Short web captions:

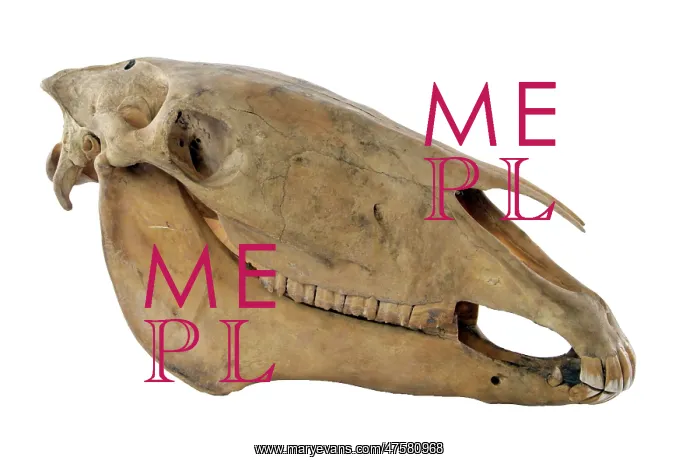 : Equus caballus, horse : Equus caballus, horse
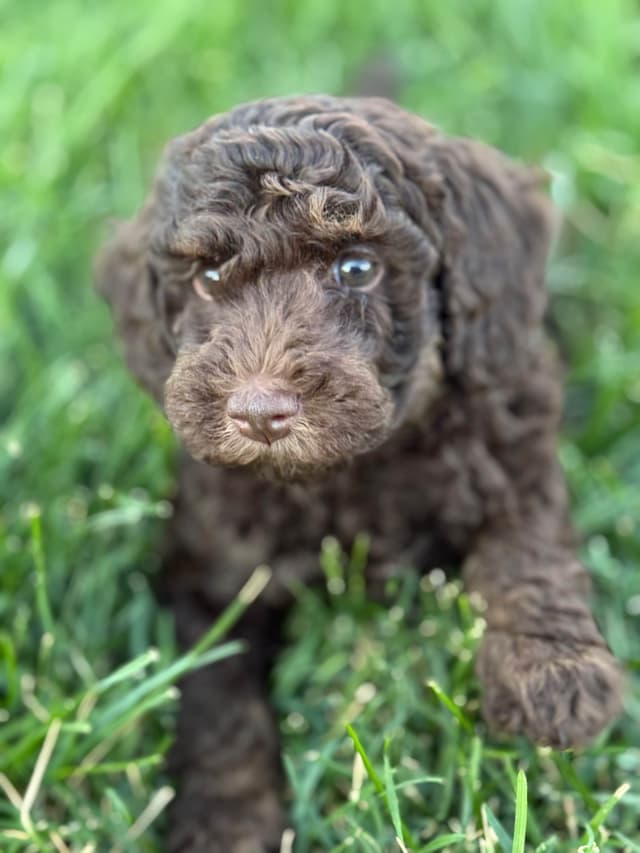 Poodle Puppies media 3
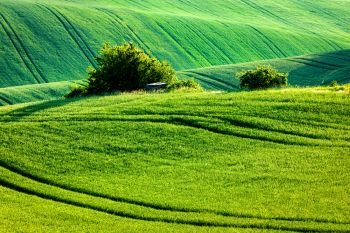 European rural wallpaper - Moravian rolling landscape, Moravia, Czech Republic. Moravian rolling landscape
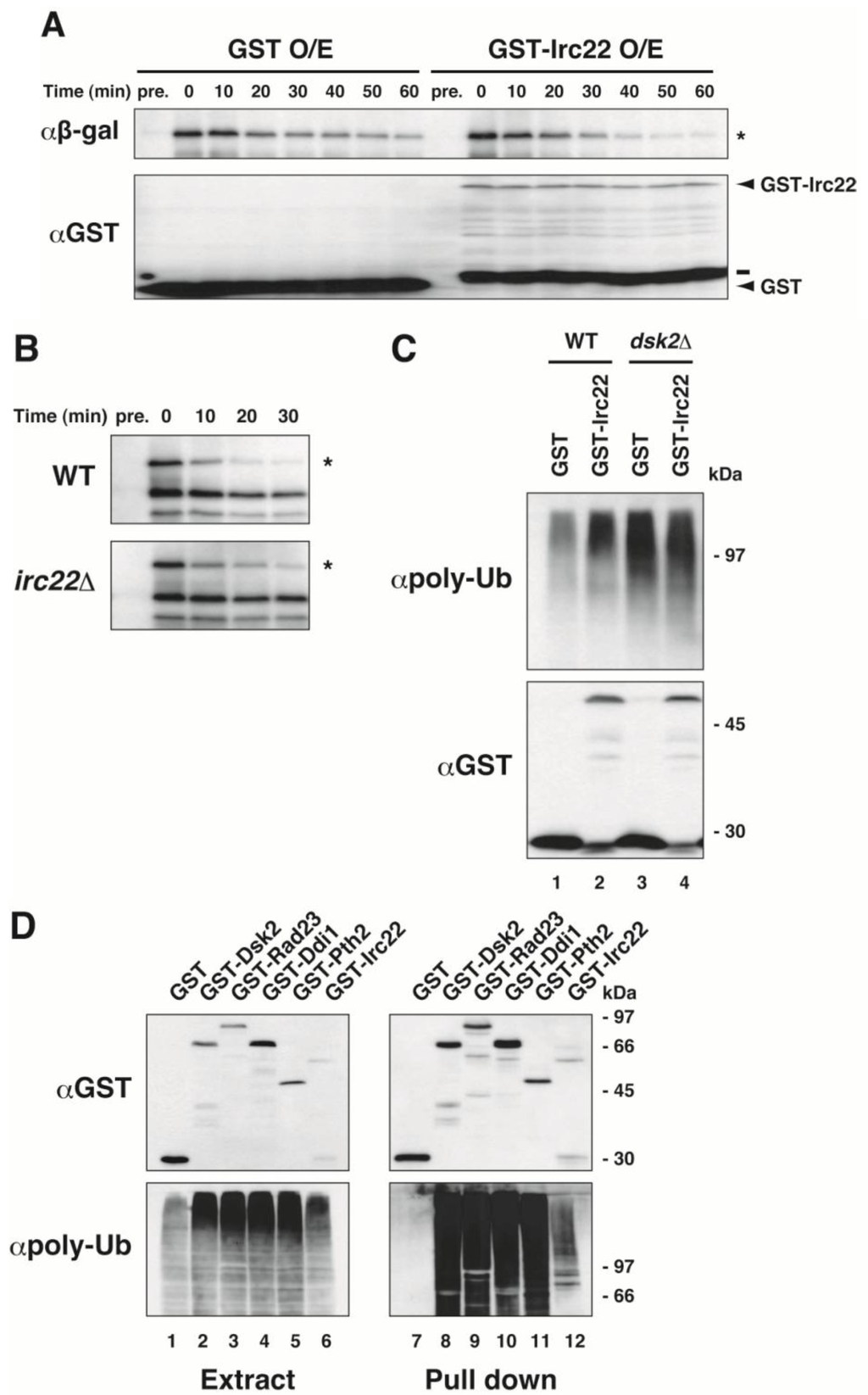Cells 03 00180 g003 1024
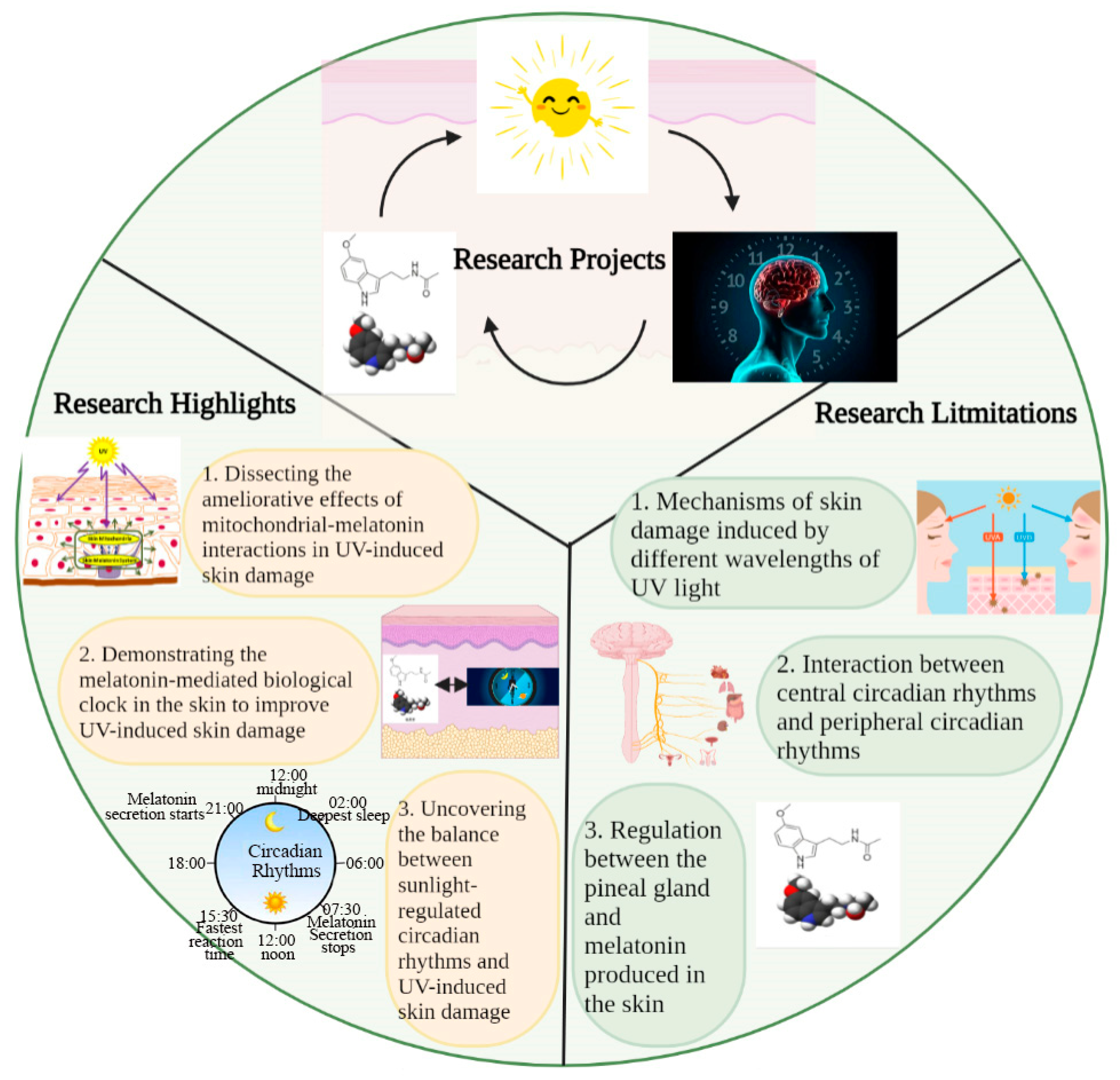 Antioxidants 12 01000 g004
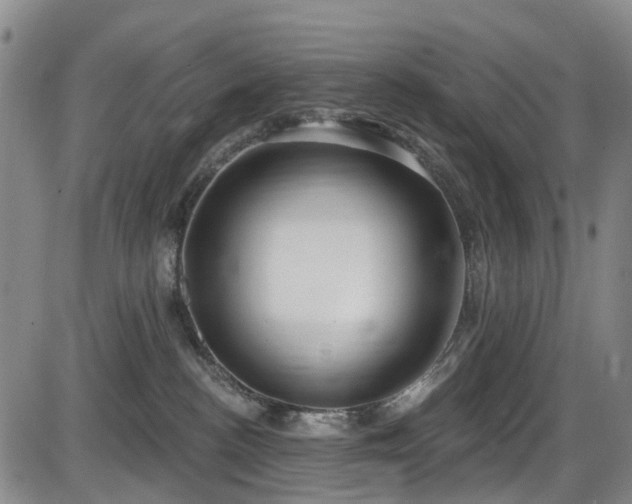 X0000086070188200703301116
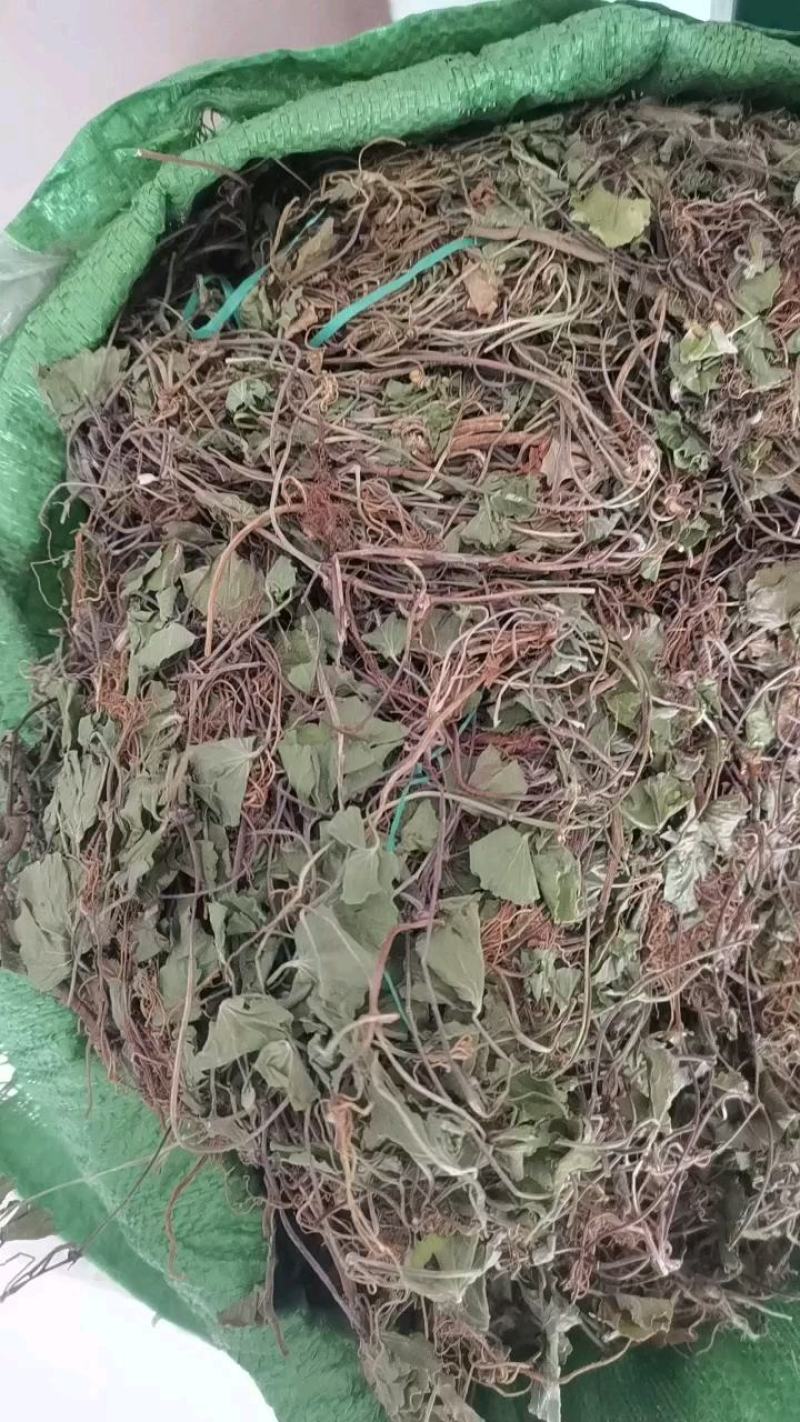 积雪草雷公根野生全干无硫长自贵州高原大货一手货源商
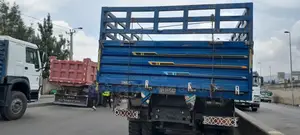 Cacion 2023. Model. 371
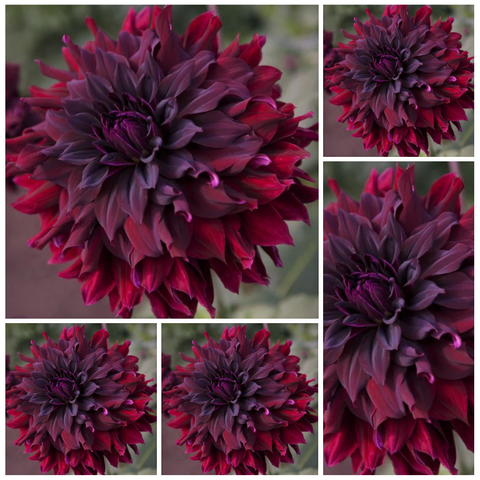 5-pack Dahlia 'Rip City' - Medium Informal Decorative (5 tubers)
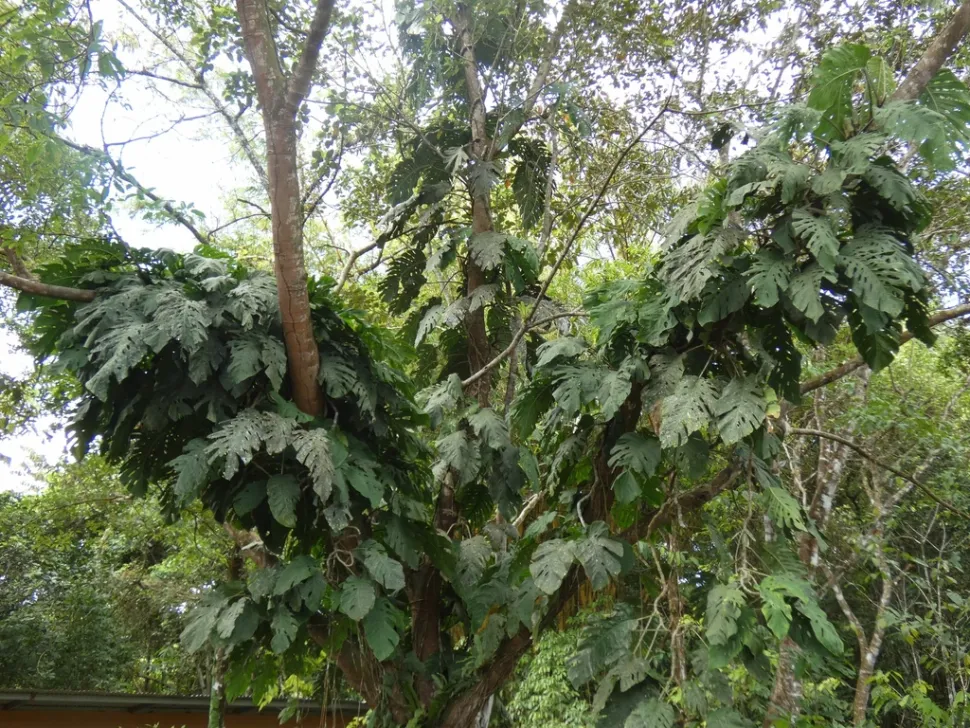 Monstera dubia on a tree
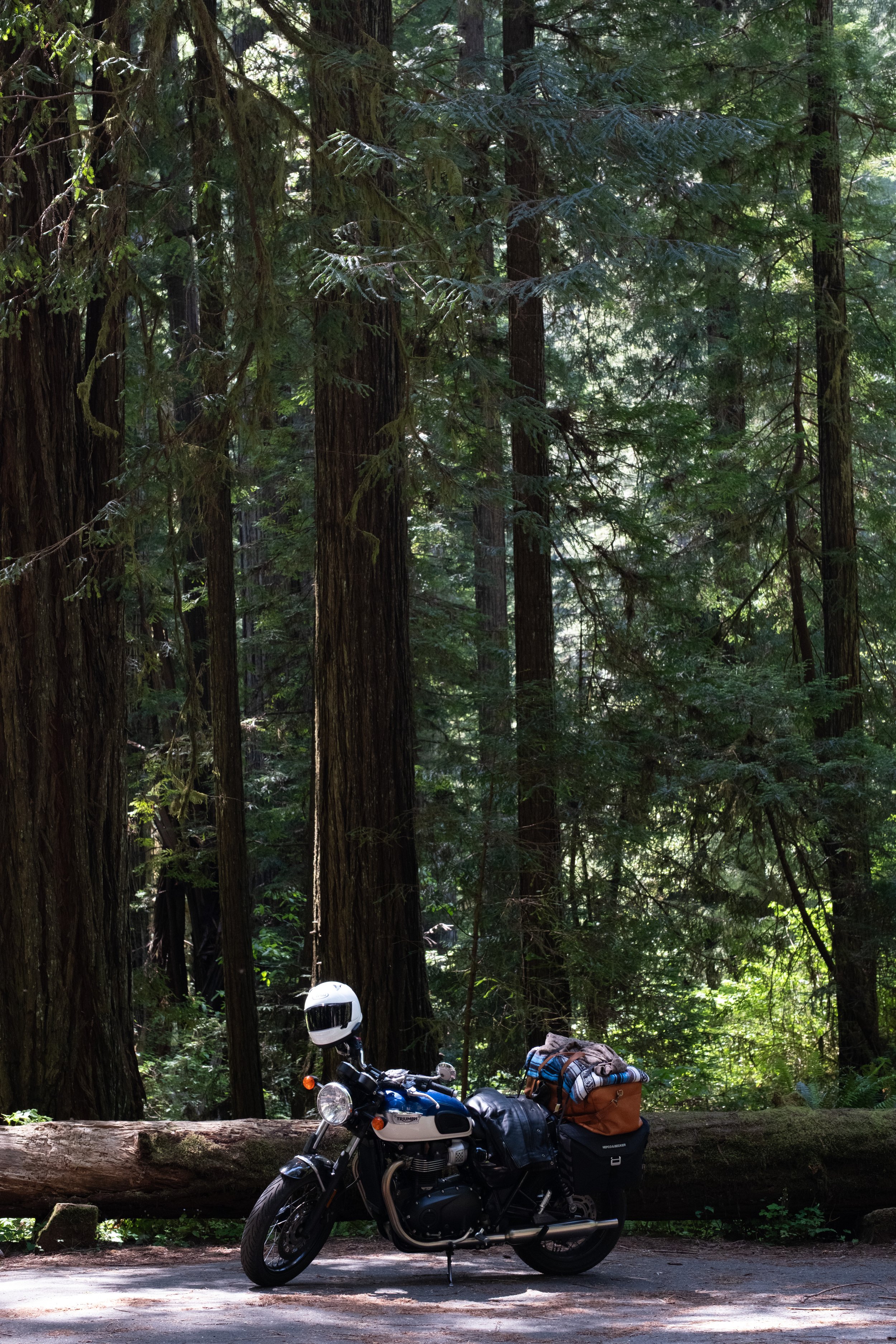 WestCoastTrip-56.jpg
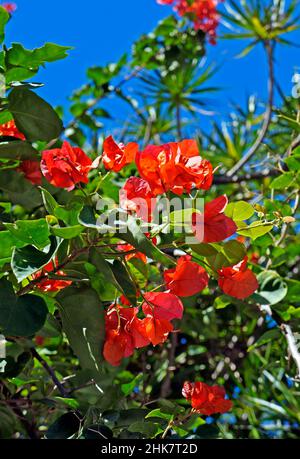 Orangefarbene Bougainvillea-Blüten (Bougainvillea glabra) Stockfoto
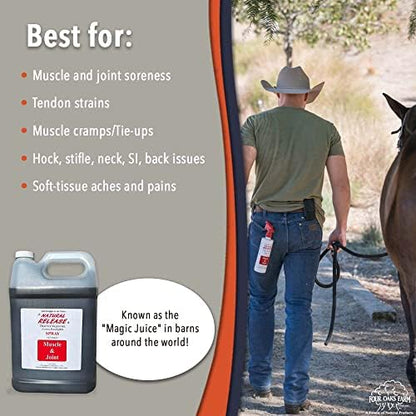 Four Oaks Farm Ventures, Natural Release Muscle Spray Treatment - Horse Liniment for Sore Muscles, Joint Pain, Tendon & Inflammation Relief - Easy to Use, Fast Acting, Alcohol & Menthol Free (1 Gal)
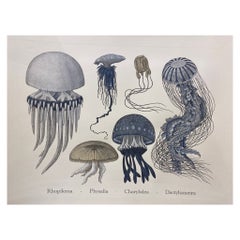Italian Contemporary Hand Painted Print Japanese Sea Life "Jellyfishes", 1 of 6
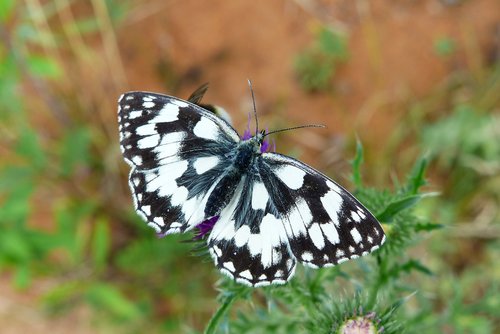 polowiec chess board  butterfly day  insect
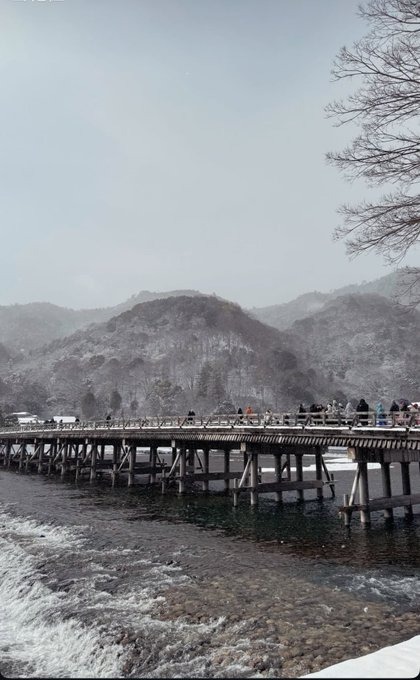 伊予の日記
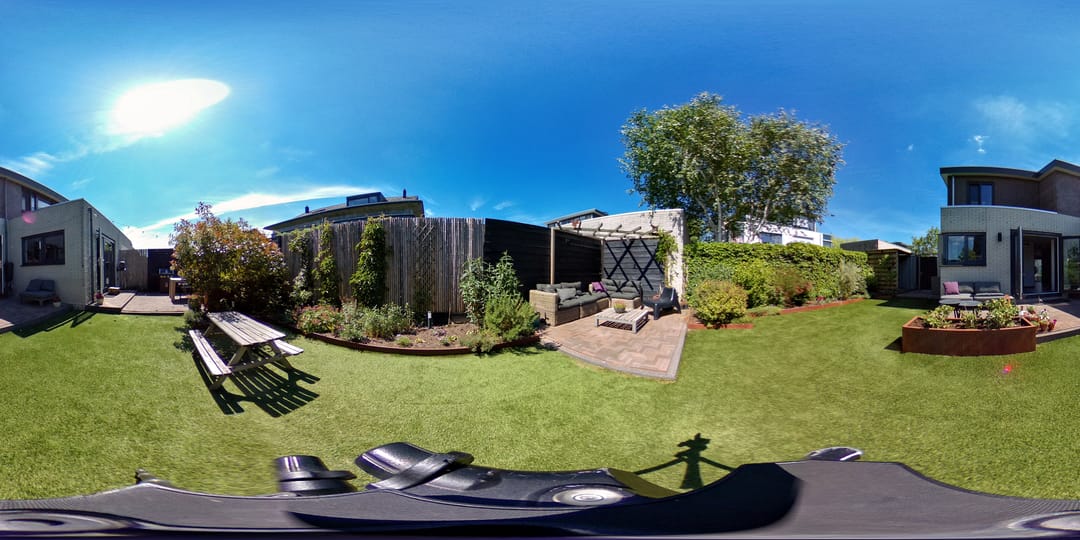 Foto 38 van Zanglijster 9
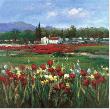 Red Flower Field by Hulsey Limited Edition Print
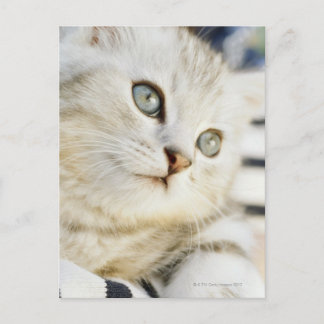 Kitten, close-up 2 postcard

▶ Your assignment: The records above are to be copied exactly, without their pictures.

▶ Output for this task:
 : Equus caballus, horse : Equus caballus, horse
 Poodle Puppies media 3
 European rural wallpaper - Moravian rolling landscape, Moravia, Czech Republic. Moravian rolling landscape
Cells 03 00180 g003 1024
 Antioxidants 12 01000 g004
 X0000086070188200703301116
 积雪草雷公根野生全干无硫长自贵州高原大货一手货源商
 Cacion 2023. Model. 371
 5-pack Dahlia 'Rip City' - Medium Informal Decorative (5 tubers)
 Monstera dubia on a tree
 WestCoastTrip-56.jpg
 Orangefarbene Bougainvillea-Blüten (Bougainvillea glabra) Stockfoto
 Four Oaks Farm Ventures, Natural Release Muscle Spray Treatment - Horse Liniment for Sore Muscles, Joint Pain, Tendon & Inflammation Relief - Easy to Use, Fast Acting, Alcohol & Menthol Free (1 Gal)
Italian Contemporary Hand Painted Print Japanese Sea Life "Jellyfishes", 1 of 6
 polowiec chess board  butterfly day  insect
 伊予の日記
 Foto 38 van Zanglijster 9
 Red Flower Field by Hulsey Limited Edition Print
 Kitten, close-up 2 postcard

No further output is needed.